→ EXERCISE INSTRUCTIONS: Your task is to repeat exactly the lines from the one with "a hotel room" through the end of the records, both included; please leave the pictures out.

→ GIVEN RECORDS:
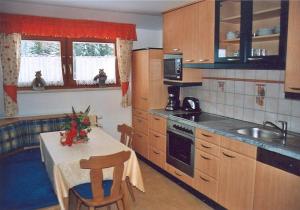 uma cozinha com uma mesa, um lavatório, uma mesa e cadeiras em Gästehaus Jäger em Mariapfarr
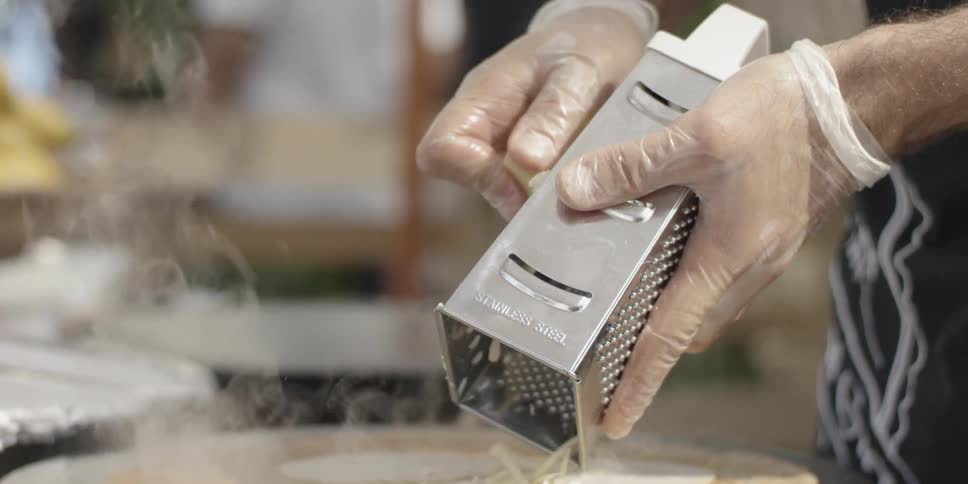 A person grates cheese onto a tortilla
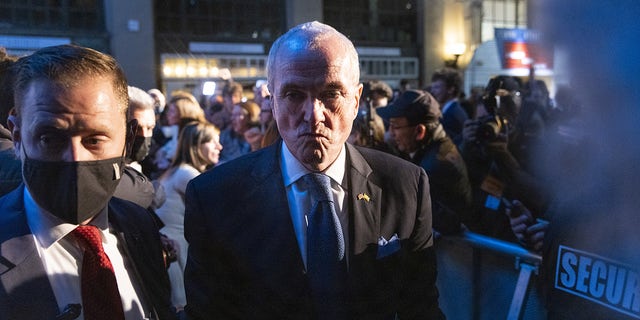 Phil Murphy, governor of New Jersey, exits after speaking during an election night event in Asbury Park, New Jersey, U.S., on Wednesday, Nov. 3, 2021. 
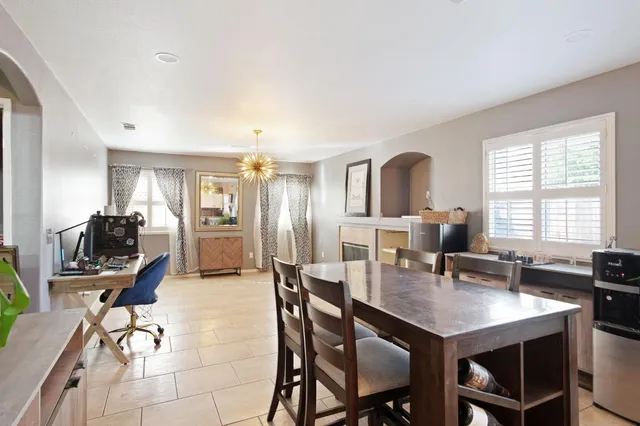 a view of a dining room with furniture and a window
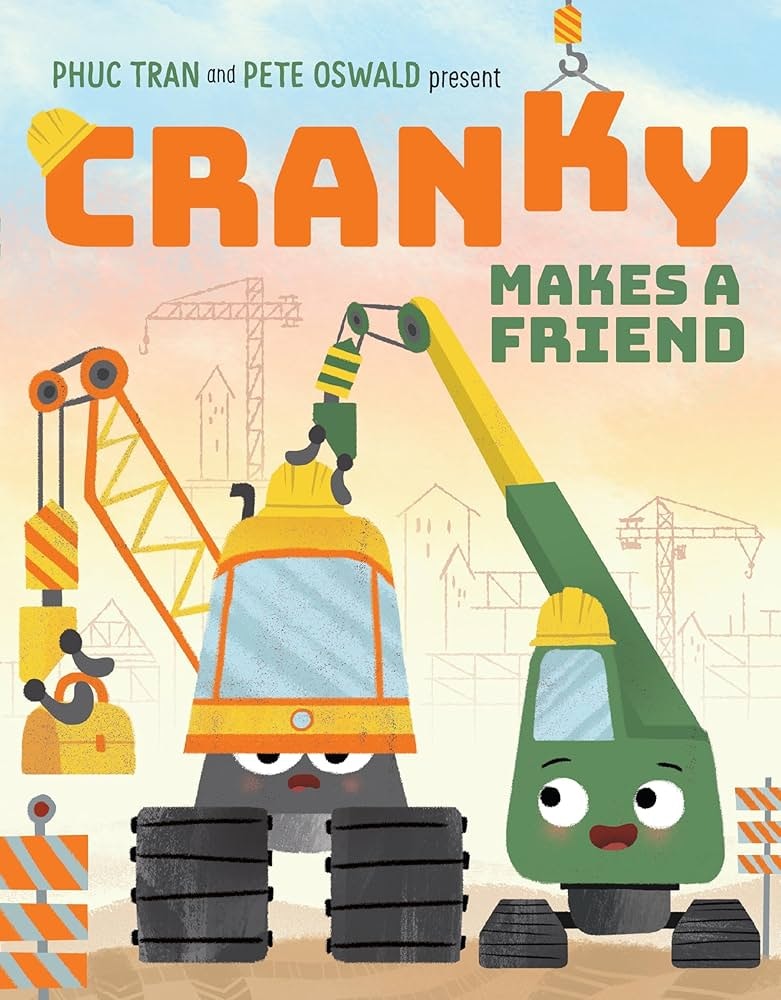 Two animated construction vehicles with faces on a book cover titled "Cranky Makes a Friend."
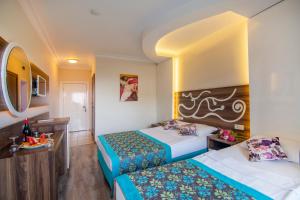 a hotel room with two beds and a table at Kleopatra blue hawai hotel in Alanya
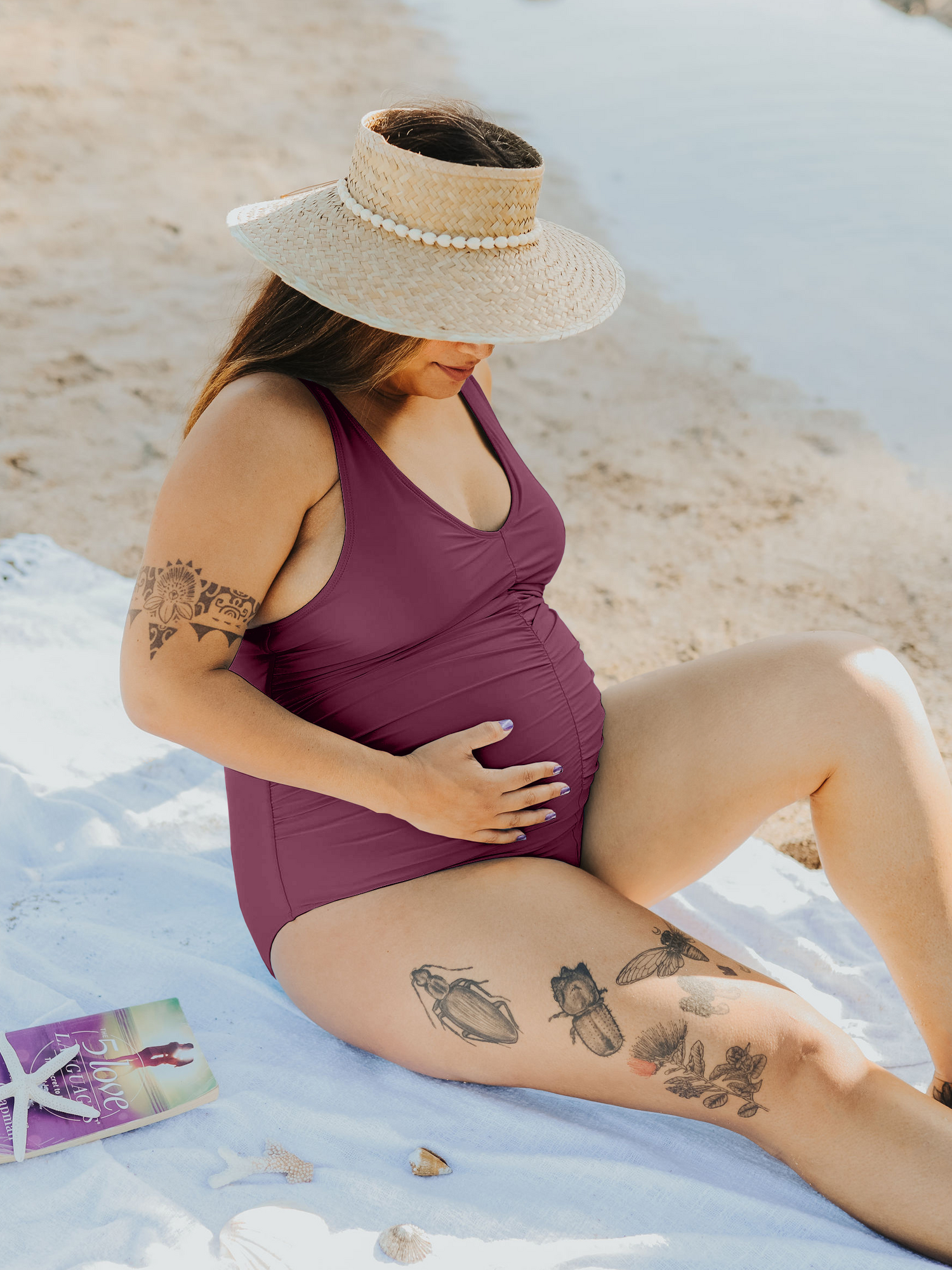 Pregnant model sitting on the beach wearing the Gathered Maternity One Piece Swimsuit in Maroon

→ REPLY:
 a hotel room with two beds and a table at Kleopatra blue hawai hotel in Alanya
 Pregnant model sitting on the beach wearing the Gathered Maternity One Piece Swimsuit in Maroon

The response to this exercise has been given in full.